2. Find target prospects within your existing client list

"I'd go into my client files and find everybody we were already working with who had a senior position in companies," says Fergusson. Similarly, Gil McGowan, regional vice president, group retirement savings at Desjardins Financial Security suggests approaching senior managers, vice presidents and controllers you already know. (Both say cold-calling is a difficult, nearly ineffective way to get into the business.)

"There are usually three points of entry," says Gavin Laws, benefits advisor at Quality Financial Service. "There's the owner of the company, particularly in smaller companies; then there would be the vice president of finance who obviously controls the purse strings. The third area of entry would be the human resources department. It's not what you know, it's who you know in order to get there but once you're in the door you have to show you have the required knowledge to provide them with adequate advice and ongoing service."

3. Consistent effort: Don't give up if your efforts don't work out at first

"Just trying it once won't generate results for you. It's a specialized market." says McGowan. "Once you do penetrate (the market) though, there are huge rewards because you're dealing with business people. Business people write bigger checks."

4. Think more like a business person

Think about their needs (employee engagement, service) and their time constraints. If you're talking to the CEO, "he doesn't have a lot of time," says Fergusson. "He wants something off his desk completely. That means you have to figure out what he'd like done, get it done and get it done accurately in a very short time."

5. Know your audience; customize your message

Where a promise to help the company stay in line with capital accumulation plan guidelines might appeal to a controller and employee engagement might appeal to the HR representative, the CEO probably doesn't care about either.
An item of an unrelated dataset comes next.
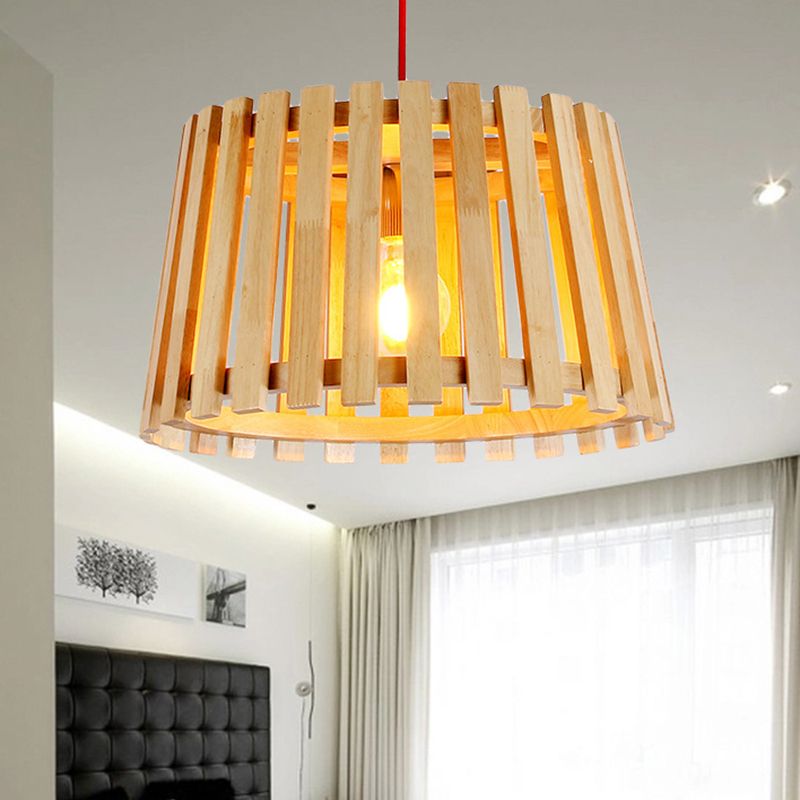 Luz de colgante colgante de tambor de madera contemporánea de 1 luz de techo en beige para dormitorio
Eventually all three will need to be onboard before you go ahead and implement a plan, but it helps to speak to individual concerns along the way.

6. Be a service provider

Present an opportunity to engage and provide service to employees – provide access to tools and additional advice. Have good staff on hand to answer phones and field queries in your absence, employ specialists who can make sure renewals and other business are handled effectively and implement standard service practices.

7. Get referrals; ask for referrals

As mentioned earlier, cold-calling is a rather ineffective way of getting in the group business door.

8. Seek out company plans which haven't been serviced in a number of years

"We run into a lot of companies who haven't spoken to anybody for three of four years," says McGowan. "That happens a lot."

9. Have a good product to offer

Traditionally, the group retirement plans had high MERs and lousy default options – employees who didn't engage in the process were invested in low-interest money market accounts. "Companies are offering better default options now," says McGowan. "A balanced fund, some very conservative asset allocation models; look for better default options." On the insurance side, Fergusson says a good carrier relationship is also important, thanks to the support and flexibility such an arrangement affords. "In my opinion, the carriers have to want you to be successful," he says.

10. Convince stakeholders about the merits of employer contributions

"Employers must make contributions to make the plans beneficial," says McGowan. "In our experience, if an employer says a plan is voluntary, you can contribute if you want but I'm not putting anything in, you'll be lucky if you get 10% of the employees participating."

Bonus: Have a dream list

"I know one fellow who's relatively successful in benefits, who does some prospecting on the basis of his dream list. He might pick ten companies he'd love to get into because he has a specific interest," says Laws. "He doesn't necessarily have great success, but he has fun doing it."